**THE TASK:**
Output the data unchanged and complete, minus the images.

**GIVEN DATA:**

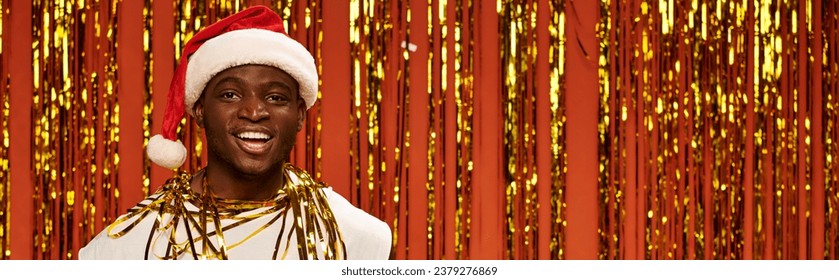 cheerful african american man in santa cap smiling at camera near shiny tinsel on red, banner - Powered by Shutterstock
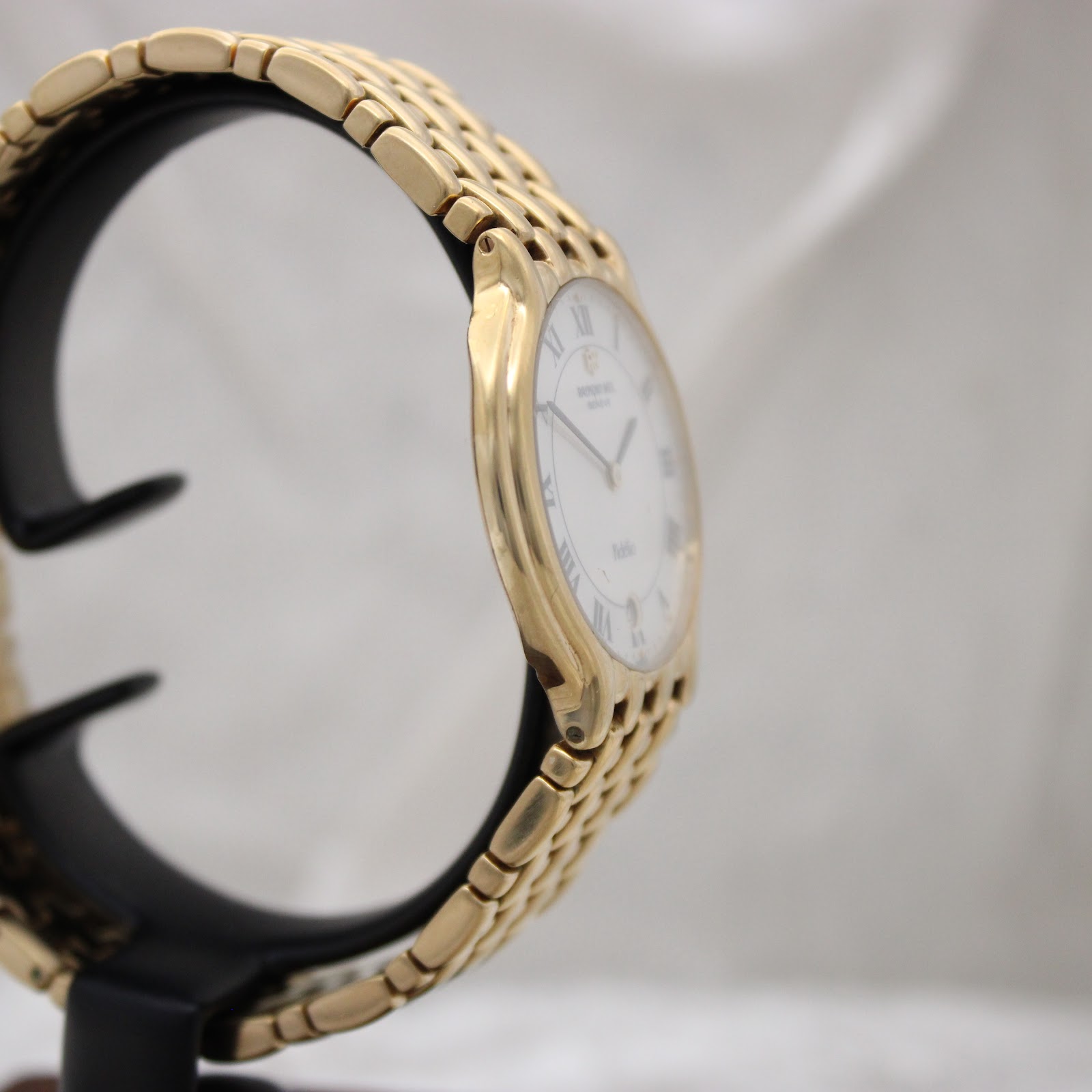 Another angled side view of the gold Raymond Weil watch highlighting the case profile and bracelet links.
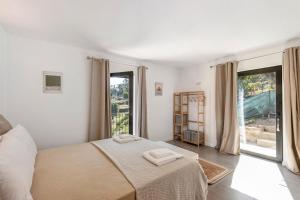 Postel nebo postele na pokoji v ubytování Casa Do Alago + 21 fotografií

**COMPLETED TASK:**
 cheerful african american man in santa cap smiling at camera near shiny tinsel on red, banner - Powered by Shutterstock
 Another angled side view of the gold Raymond Weil watch highlighting the case profile and bracelet links.
 Postel nebo postele na pokoji v ubytování Casa Do Alago + 21 fotografií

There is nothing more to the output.